I use names with an initial capital letter to indicate a table that is playing the role of a class -- this matches the usual Java naming convention.

The 'attributes' of the object are the key/value pairs of the table, with the key as the attribute name. Because we can reference table values using the table.key syntax, manipulating object attributes in Lua looks a lot like it does in Java.

However, despite this superficial similarity, classes are not first-class language constructs in Lua, and you'll have to help the language out by careful syntactic usage. So I would have to use my Complex class like this:

c1 = Complex:new (1, 2);
c2 = Complex:new (3, 4);

sum = c1:add (c2);
print ("sum = " .. sum:toString());

using a colon in the method calls to indicate to Lua that it should insert the self reference that makes the table method behave like a class method; and it is 'self', not 'this' as in Java.

It's possible to implement 'real' object-oriented techniques like polymorphism and virtual methods and, to some extent, to control the visibility of a class's attributes.
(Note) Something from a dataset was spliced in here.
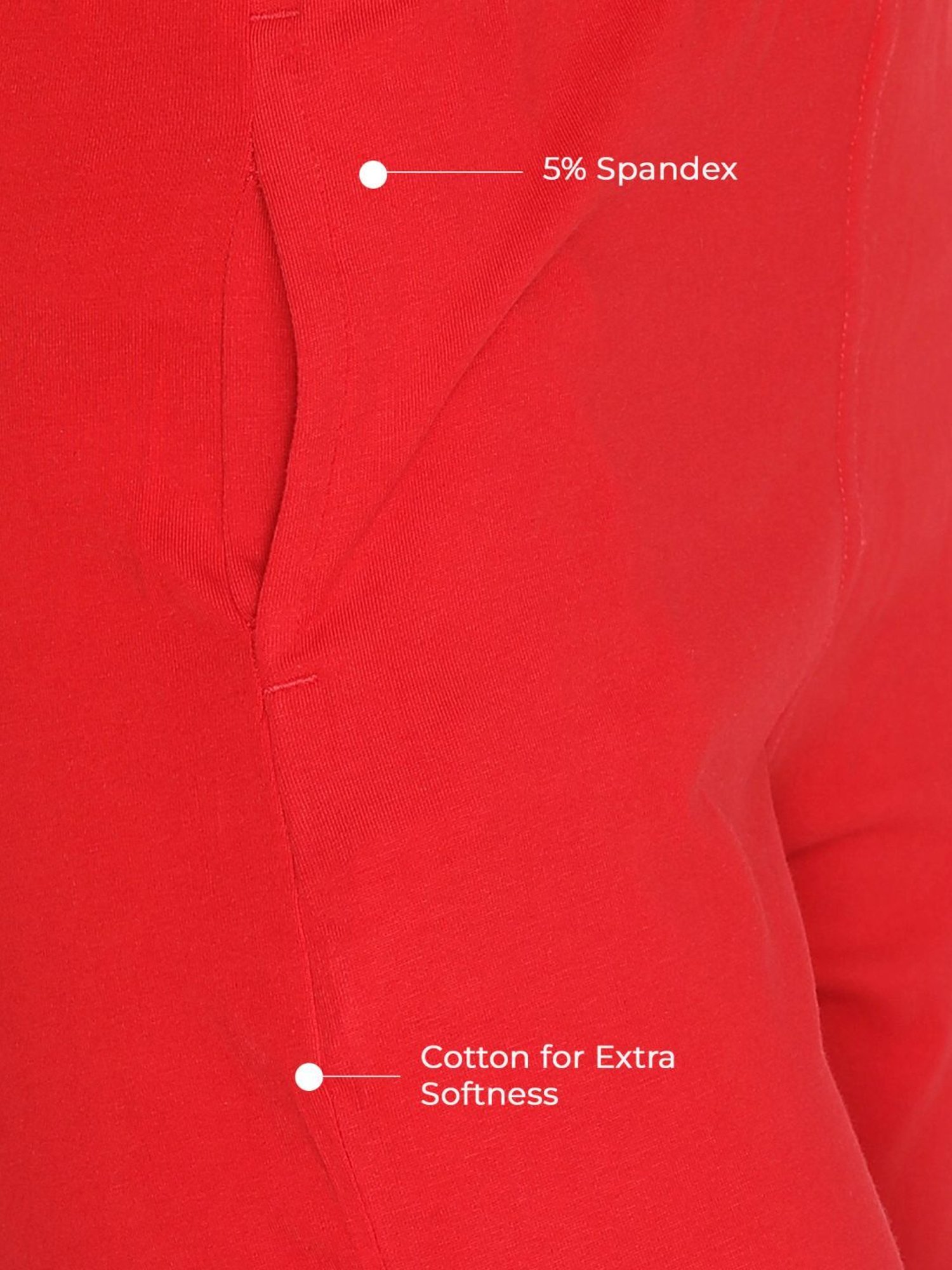 Lyra Red Cotton Ankle Length Pants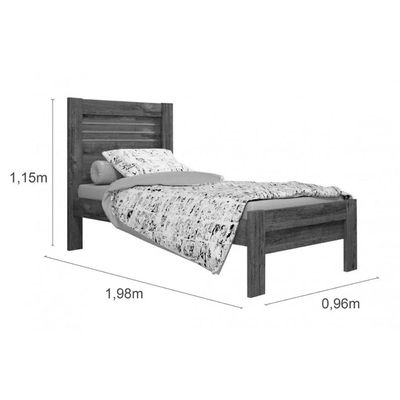 Cama Solteiro Safira Cinamomo/Off White - Tcil Móveis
However, these techniques are a little fiddly, and beyond the scope of this simple overview.

The standard library

The basic Lua distribution has a minimal standard library, although it's easy to extend, in Lua or in C. The basic library provides a subset of the facilities in the java.io and java.math packages, and the System class. If you want database support, or a graphical user interface, you'll need to seek out a module or build one yourself.

One module that deserves a specific mention is luaposix. This implements all the POSIX features that are part of Linux/Unix, but not included in ANSI-standard C. Even a basic feature like sub-second timing needs this module, or an equivalent one.

Because Lua has been in widespread use for such a long time, it's relatively easy to find modules to do most common tasks. However, as with code in Maven repositories, the quality is somewhat variable.